YOUR OBJECTIVE: What is asked for is the whole listing, given again word for word.

[RECORDED DATA Boundary: Start]

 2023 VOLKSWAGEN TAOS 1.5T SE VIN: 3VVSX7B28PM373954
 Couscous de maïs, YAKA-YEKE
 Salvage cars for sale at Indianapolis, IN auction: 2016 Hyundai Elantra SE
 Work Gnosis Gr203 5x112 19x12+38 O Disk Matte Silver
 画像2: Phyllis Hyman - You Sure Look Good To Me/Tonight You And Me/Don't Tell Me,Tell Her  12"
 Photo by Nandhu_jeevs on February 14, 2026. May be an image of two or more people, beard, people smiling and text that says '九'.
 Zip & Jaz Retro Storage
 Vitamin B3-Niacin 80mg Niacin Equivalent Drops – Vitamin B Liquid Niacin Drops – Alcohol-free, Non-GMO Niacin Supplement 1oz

[RECORDED DATA Boundary: End]

OUTPUT:
 2023 VOLKSWAGEN TAOS 1.5T SE VIN: 3VVSX7B28PM373954
 Couscous de maïs, YAKA-YEKE
 Salvage cars for sale at Indianapolis, IN auction: 2016 Hyundai Elantra SE
 Work Gnosis Gr203 5x112 19x12+38 O Disk Matte Silver
 画像2: Phyllis Hyman - You Sure Look Good To Me/Tonight You And Me/Don't Tell Me,Tell Her  12"
 Photo by Nandhu_jeevs on February 14, 2026. May be an image of two or more people, beard, people smiling and text that says '九'.
 Zip & Jaz Retro Storage
 Vitamin B3-Niacin 80mg Niacin Equivalent Drops – Vitamin B Liquid Niacin Drops – Alcohol-free, Non-GMO Niacin Supplement 1oz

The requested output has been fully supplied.